He was an American author whose real name was William Sydney Porter. He was born September 11, 1862, in the quiet little village of Greensboro in North Carolina. He fell ill with a bad lung in 1882 and left North Carolina for a ranch in Texas where he worked as a cowboy. He recovered his health and later worked as a newspaper reporter.
In 1894 he became proprietor and editor of a humorous weekly entitled The Rolling Stone. He was, for a short while, a bank clerk but the bank failed and later he was falsely charged with the embezzlement of the small amount of money.
He was on his way to stand trial but boarded the wrong train and ran away to Central America. It was then that he took to the outlaw trail and for twelve months, was either at sea with smugglers or riding with bandits.

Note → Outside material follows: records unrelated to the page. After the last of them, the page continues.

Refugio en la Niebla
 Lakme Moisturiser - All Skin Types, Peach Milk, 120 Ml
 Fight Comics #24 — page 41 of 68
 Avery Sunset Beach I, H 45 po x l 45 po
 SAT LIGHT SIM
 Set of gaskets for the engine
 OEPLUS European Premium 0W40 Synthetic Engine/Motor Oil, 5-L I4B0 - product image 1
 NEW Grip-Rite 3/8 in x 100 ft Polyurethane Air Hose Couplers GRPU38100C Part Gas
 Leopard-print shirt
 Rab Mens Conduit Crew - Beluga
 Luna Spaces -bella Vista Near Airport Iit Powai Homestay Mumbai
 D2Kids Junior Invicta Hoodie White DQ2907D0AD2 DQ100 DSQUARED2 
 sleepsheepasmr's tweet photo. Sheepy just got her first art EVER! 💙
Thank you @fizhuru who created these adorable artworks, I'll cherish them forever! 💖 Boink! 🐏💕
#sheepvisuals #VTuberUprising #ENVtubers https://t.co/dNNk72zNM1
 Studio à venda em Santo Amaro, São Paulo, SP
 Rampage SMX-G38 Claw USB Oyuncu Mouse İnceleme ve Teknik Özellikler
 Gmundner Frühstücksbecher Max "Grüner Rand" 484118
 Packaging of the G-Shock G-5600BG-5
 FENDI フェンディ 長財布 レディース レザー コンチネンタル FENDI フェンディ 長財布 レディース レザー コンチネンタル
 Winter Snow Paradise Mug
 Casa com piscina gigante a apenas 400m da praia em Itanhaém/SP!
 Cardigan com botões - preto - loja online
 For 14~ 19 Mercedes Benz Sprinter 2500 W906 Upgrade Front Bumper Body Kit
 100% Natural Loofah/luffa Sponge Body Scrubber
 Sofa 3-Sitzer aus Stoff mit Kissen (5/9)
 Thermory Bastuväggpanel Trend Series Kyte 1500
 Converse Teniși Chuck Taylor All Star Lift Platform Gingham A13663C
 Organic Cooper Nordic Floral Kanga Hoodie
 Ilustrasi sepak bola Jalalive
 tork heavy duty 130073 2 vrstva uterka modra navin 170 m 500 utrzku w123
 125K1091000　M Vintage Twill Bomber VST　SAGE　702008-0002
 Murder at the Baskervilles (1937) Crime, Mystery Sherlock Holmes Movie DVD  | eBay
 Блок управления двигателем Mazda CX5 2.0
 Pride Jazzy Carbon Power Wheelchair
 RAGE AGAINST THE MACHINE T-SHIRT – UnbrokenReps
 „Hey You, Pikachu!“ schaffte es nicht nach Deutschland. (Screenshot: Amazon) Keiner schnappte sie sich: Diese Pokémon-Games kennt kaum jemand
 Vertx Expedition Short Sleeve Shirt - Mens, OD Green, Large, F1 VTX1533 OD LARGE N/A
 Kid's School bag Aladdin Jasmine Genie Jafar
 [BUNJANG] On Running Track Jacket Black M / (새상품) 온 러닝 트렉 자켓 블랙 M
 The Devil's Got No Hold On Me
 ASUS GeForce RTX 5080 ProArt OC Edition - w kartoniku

It was when he heard that his wife was seriously ill that Porter returned to Texas and surrendered to the law. He was allowed to stay with his wife until she died and he was unjustly sentenced to five years’ imprisonment. He wrote the first of his famous short stories while he was in the penitentiary. It was now that he adopted the penname of O Henry, sending his stories through a sister living in Pittsburgh, to various magazines.
He was released in 1902 after serving a minimum term of imprisonment and he went to New York, sure of a welcome from editors who had been buying his work. His first book of short stories, Cabbages and Kings, was published in 1904. This was largely based on his own adventures in Texas and Central America. Then he turned his hand to tales of New York City and in particular, to the poor people who dwelt there. His stories could be wry, thrilling and amusing in turn, with O Henry making the most of a vast canvas of fascinating characters.
Although he became the most popular short story writer of the time, he was always modestly paid and being a generous man, was constantly having to pour out material to make ends meet. It is on record that at certain times he turned out as many as fifty stories a year. He made famous the dramatic twist at the end of a story that was copied by many authors after him. O Henry died June 5, 1910.